About this task >> Return exactly the lines that run from the one containing "Stainless Steel Insulated" to the end of the entries, with both ends included.

Material for this task >>

☆ ☆ ☆ ☆

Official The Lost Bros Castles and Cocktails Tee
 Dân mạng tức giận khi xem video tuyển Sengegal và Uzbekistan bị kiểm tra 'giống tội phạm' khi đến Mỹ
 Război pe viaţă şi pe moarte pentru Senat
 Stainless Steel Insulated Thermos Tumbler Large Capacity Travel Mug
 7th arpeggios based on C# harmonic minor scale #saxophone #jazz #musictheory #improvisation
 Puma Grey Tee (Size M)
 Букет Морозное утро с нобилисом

☆ ☆ ☆ ☆

Worked solution >>
 Stainless Steel Insulated Thermos Tumbler Large Capacity Travel Mug
 7th arpeggios based on C# harmonic minor scale #saxophone #jazz #musictheory #improvisation
 Puma Grey Tee (Size M)
 Букет Морозное утро с нобилисом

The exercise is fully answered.